» ACTIVITY: Print exactly the lines that run from the first line of the material to the line containing "Used 2022 RAM 1500 Big Horn image 13", both ends included, and skip the pictures.

####################

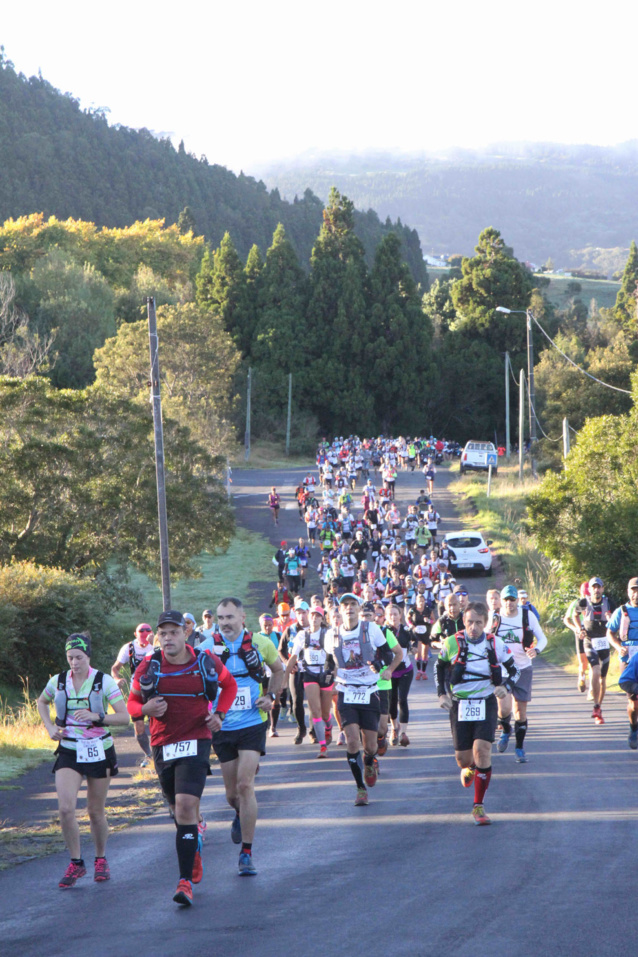 Une marée humaine suer le Champ de Foire du 27ème Km Une marée humaine suer le Champ de Foire du 27ème Km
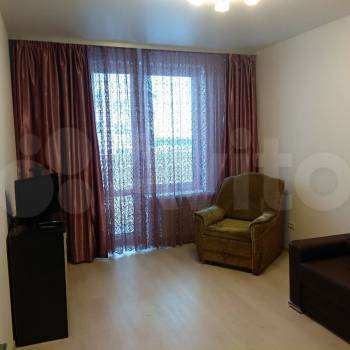 Сдается 1-комнатная квартира, 35 м²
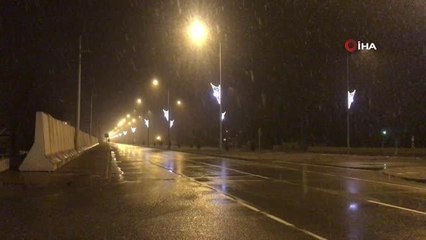 Iğdır-Ağrı yolu kar yağışı sonrası boş kaldı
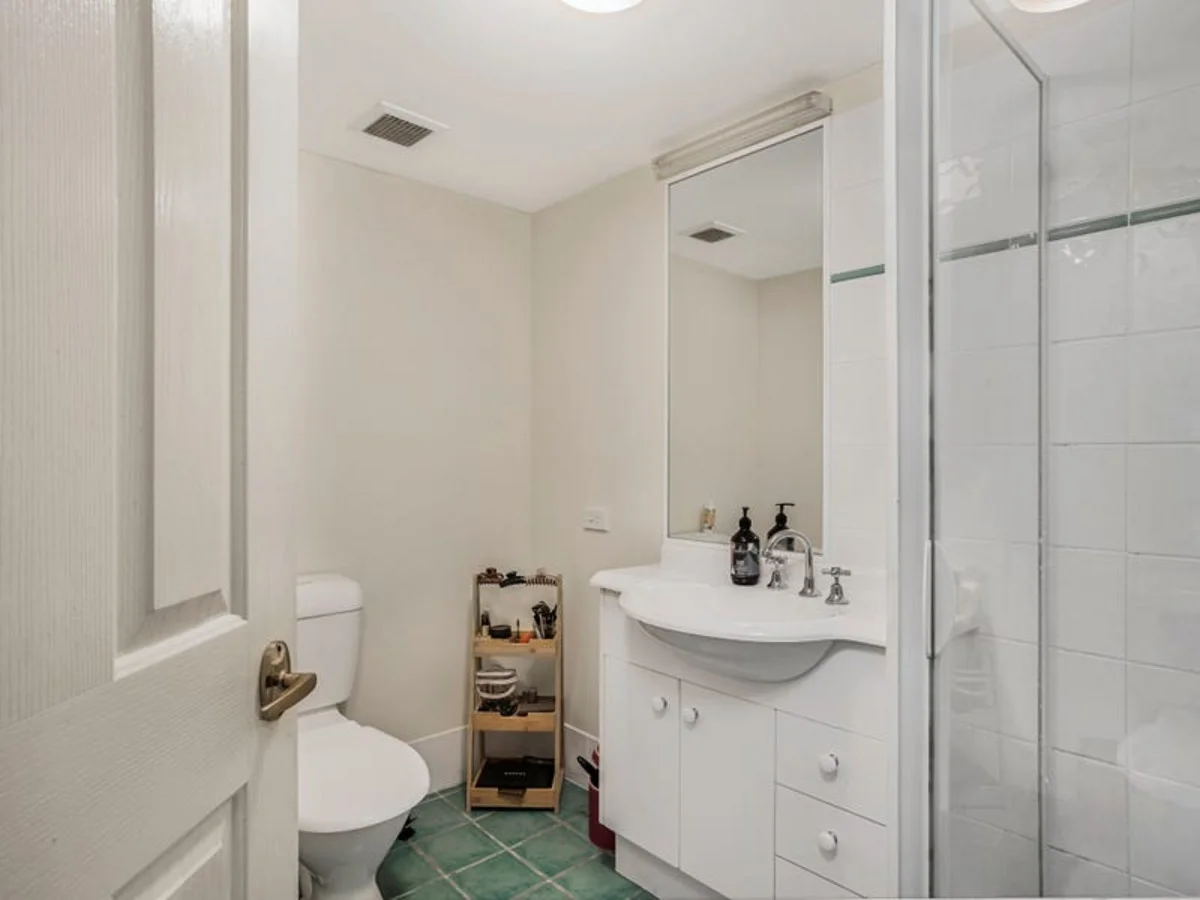 Additional image 7 of 2/20 Stephens Street, Burleigh Heads QLD 4220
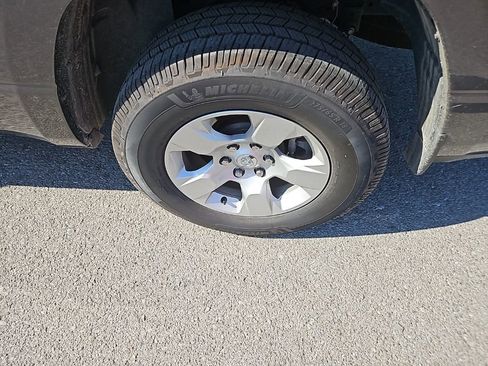 Used 2022 RAM 1500 Big Horn image 13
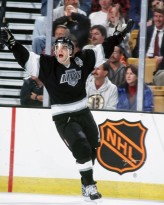 Luc Robitaille to be seventh L.A. sports icon honored with statue - Los  Angeles Times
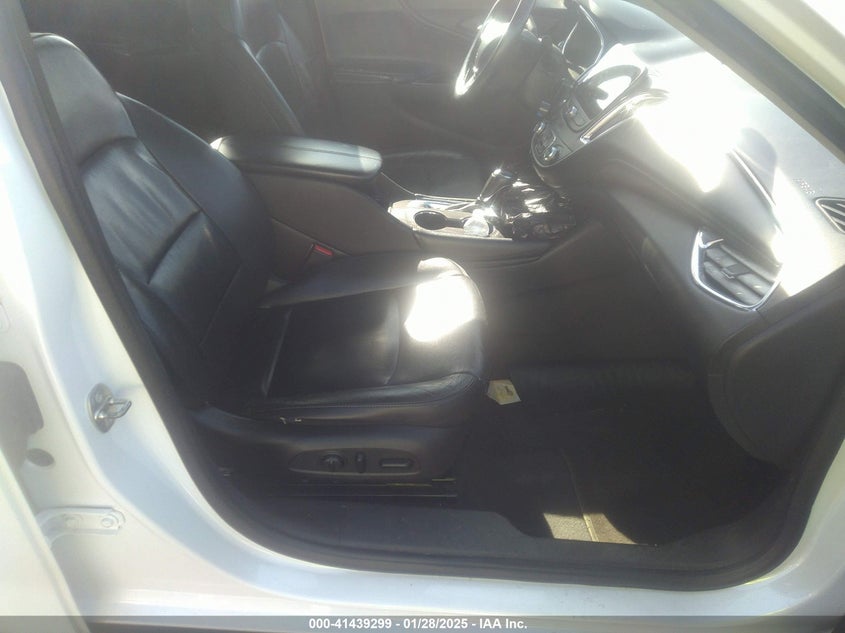 2017 CHEVROLET MALIBU VIN: 1G1ZE5ST5HF105888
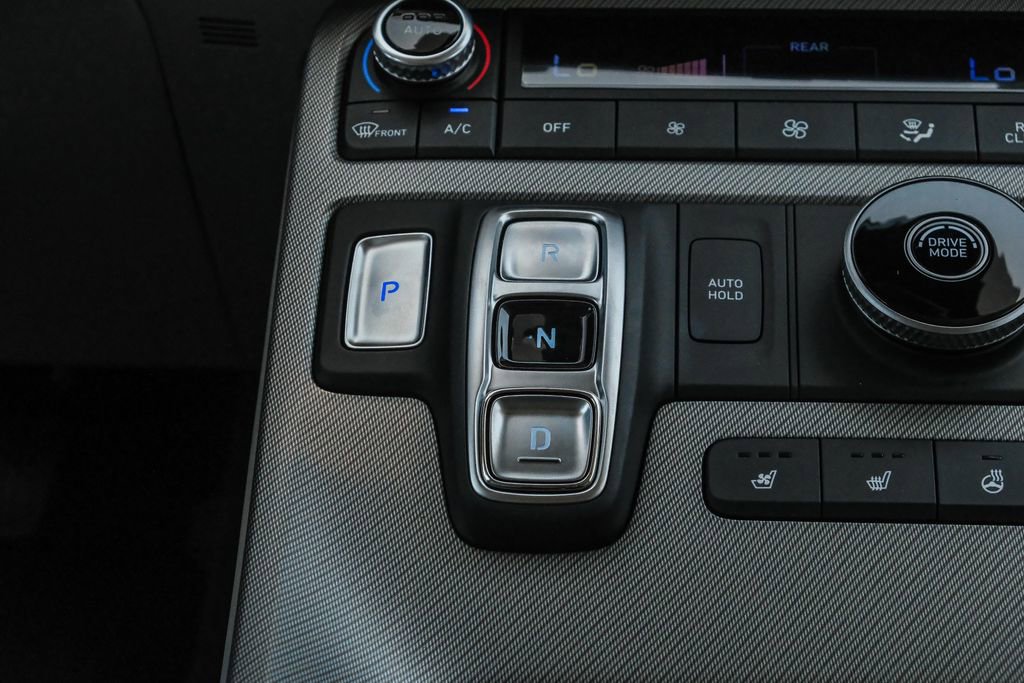 Used 2025 Hyundai Palisade SEL image 16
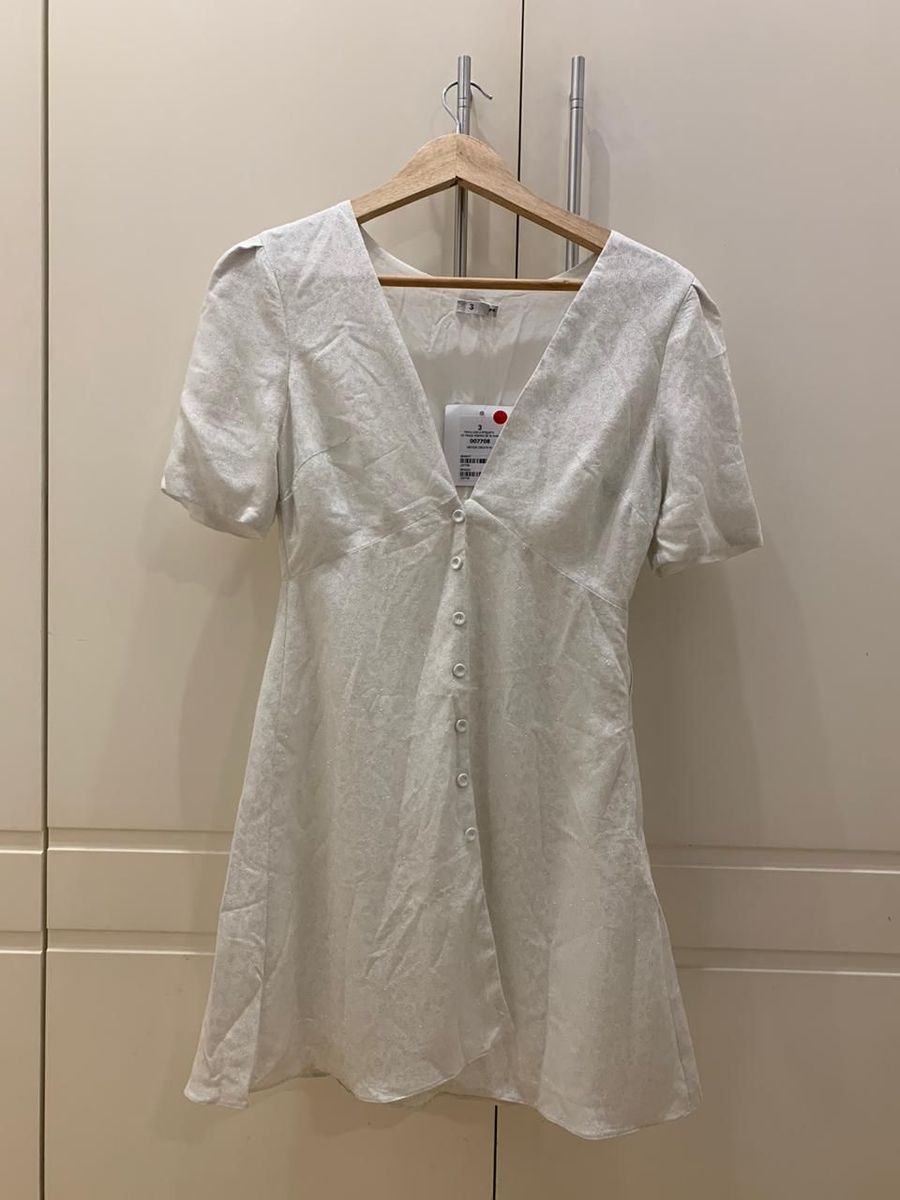 vestido branco brilhante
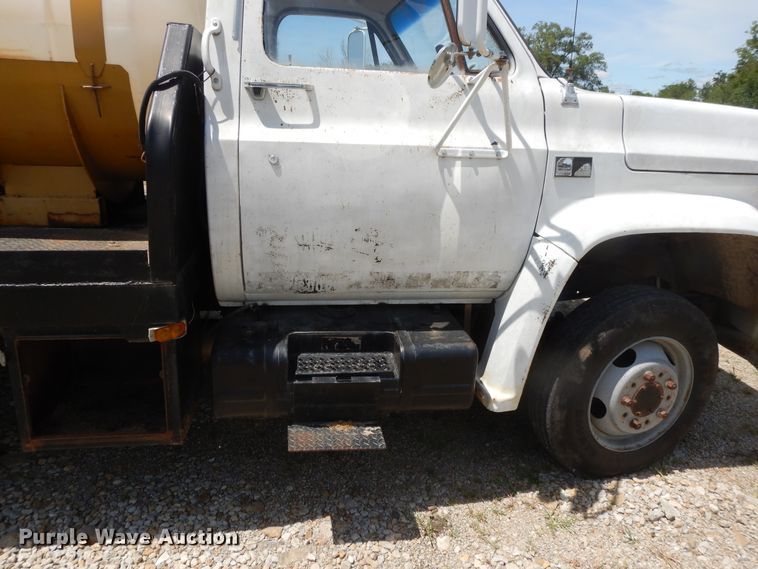 image for item DG7993 1986 Chevrolet C70 applicator truck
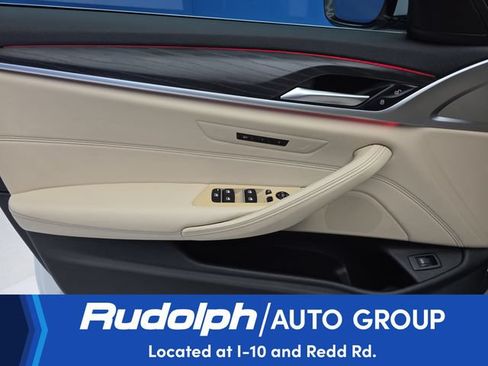 Used 2021 BMW 530i w/ Convenience Package RWD image 11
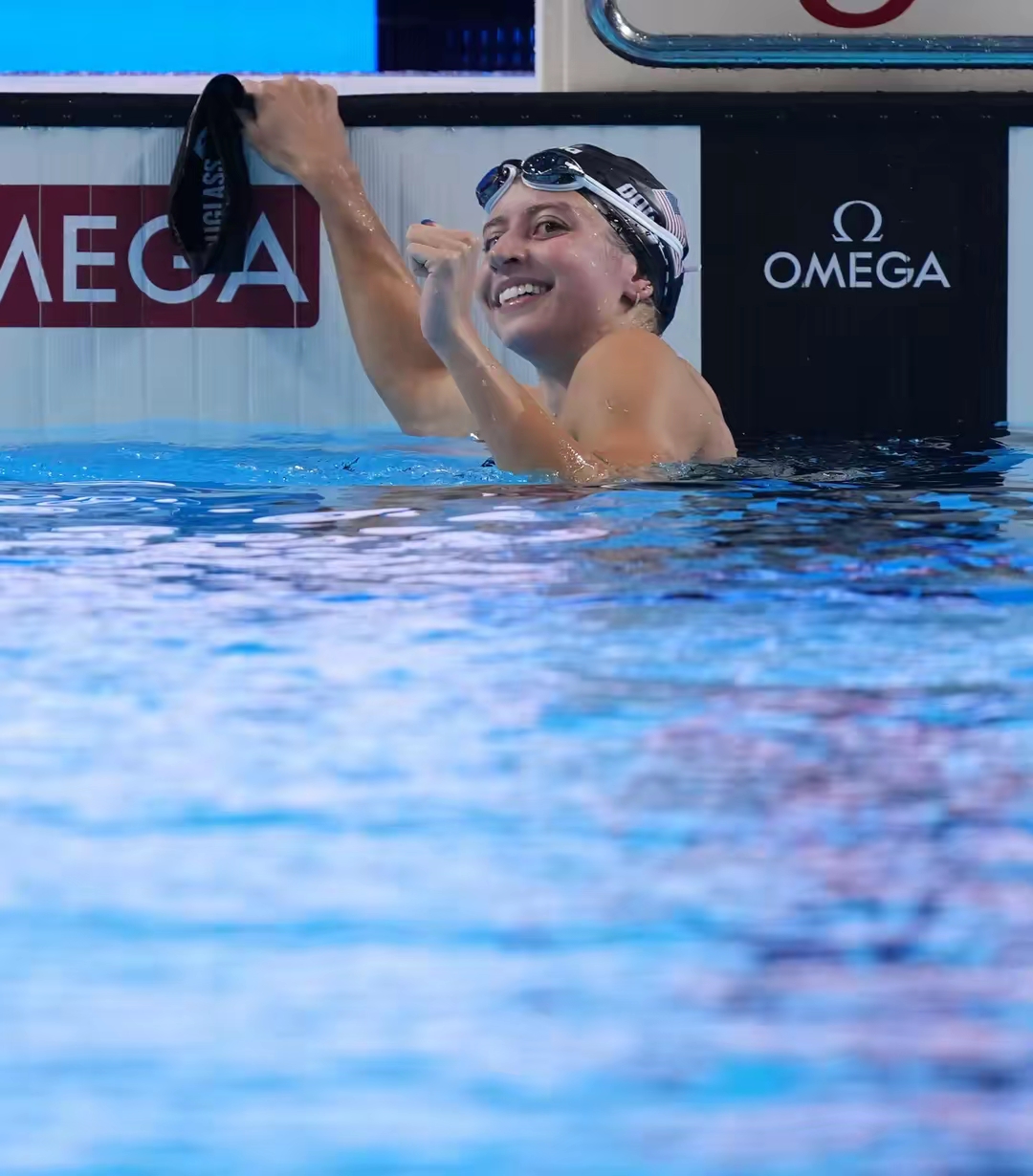 美国游泳选手再次夺冠，彰显实力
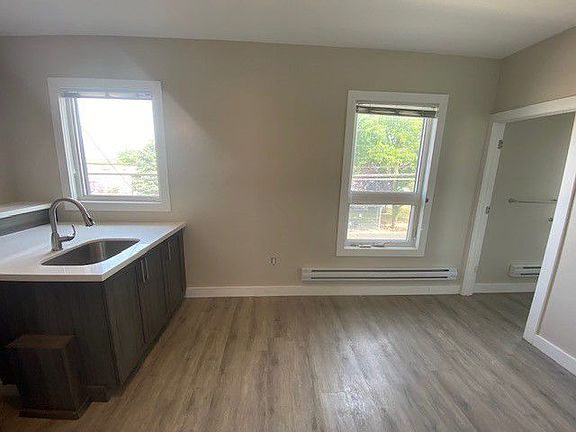 3rd image of 161 Wellington St N #204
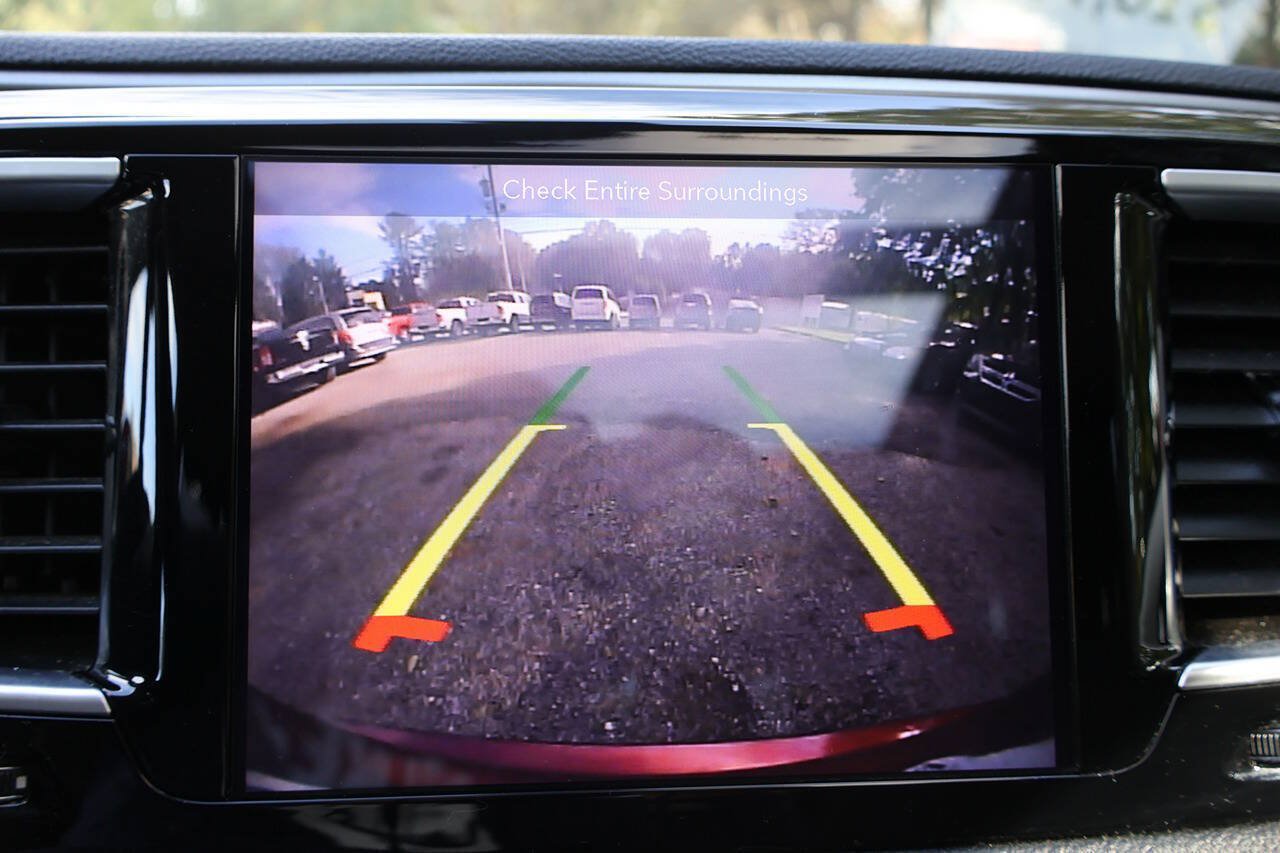Used 2018 Chrysler Pacifica Limited FWD image 38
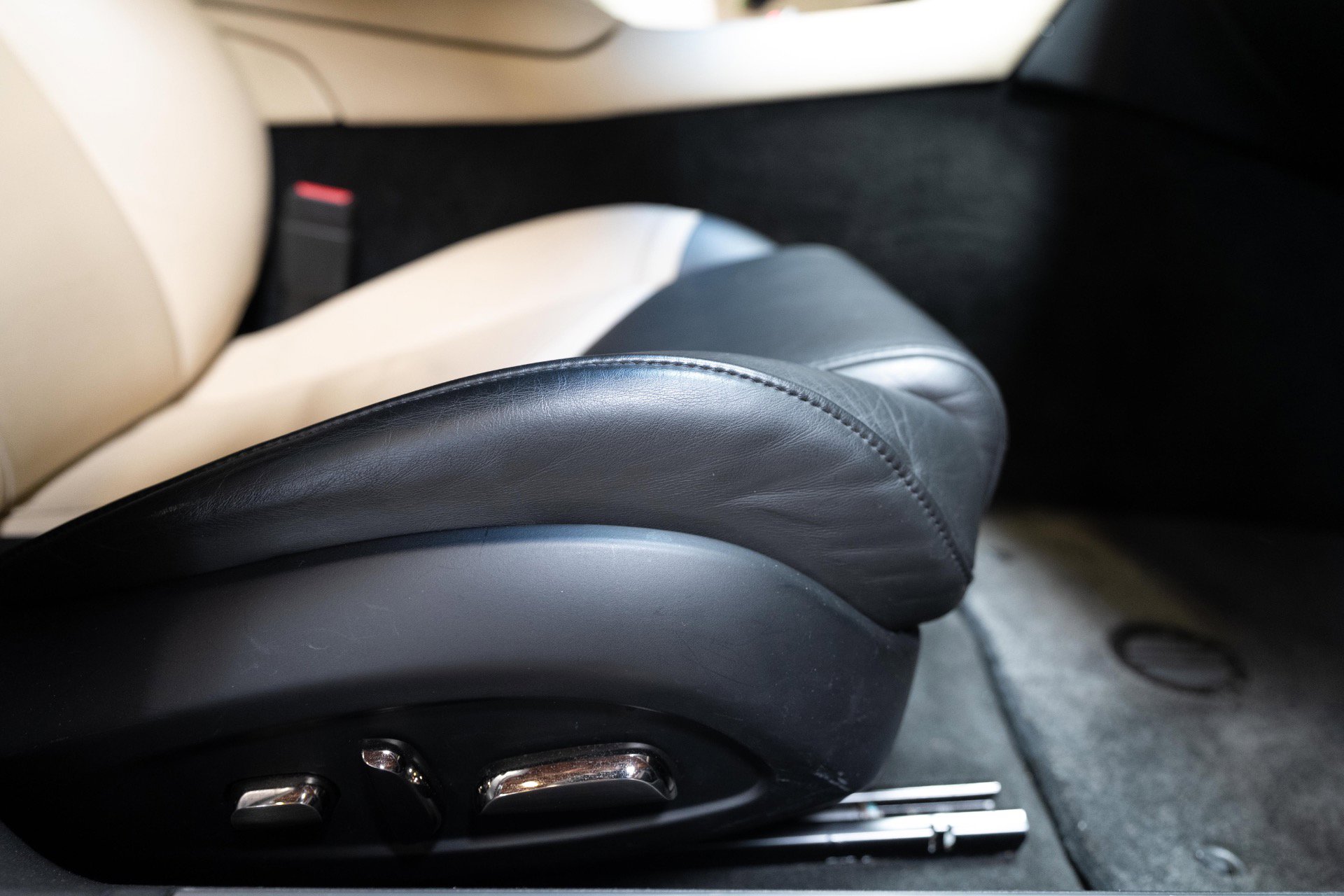 Used 2012 Fisker Karma EcoSport RWD image 79
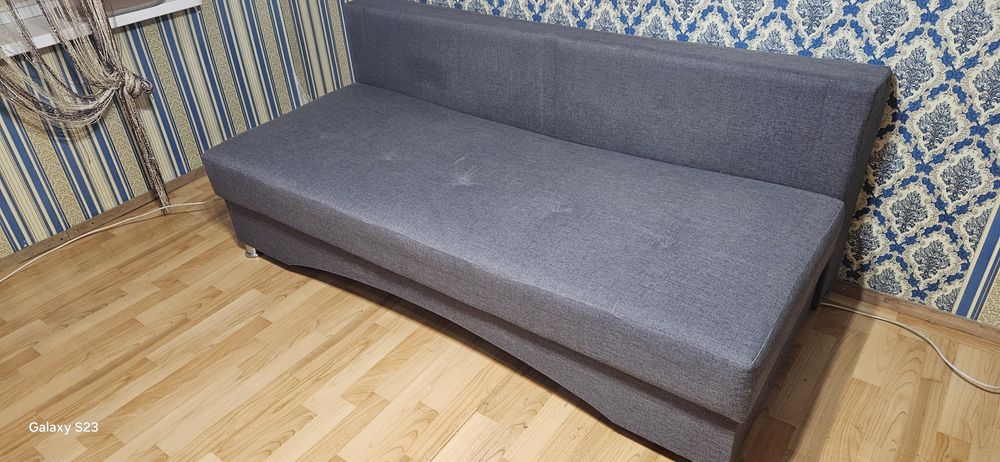 Диван подростковый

####################

» RESULT OF THIS TASK:
 Une marée humaine suer le Champ de Foire du 27ème Km Une marée humaine suer le Champ de Foire du 27ème Km
 Сдается 1-комнатная квартира, 35 м²
 Iğdır-Ağrı yolu kar yağışı sonrası boş kaldı
 Additional image 7 of 2/20 Stephens Street, Burleigh Heads QLD 4220
 Used 2022 RAM 1500 Big Horn image 13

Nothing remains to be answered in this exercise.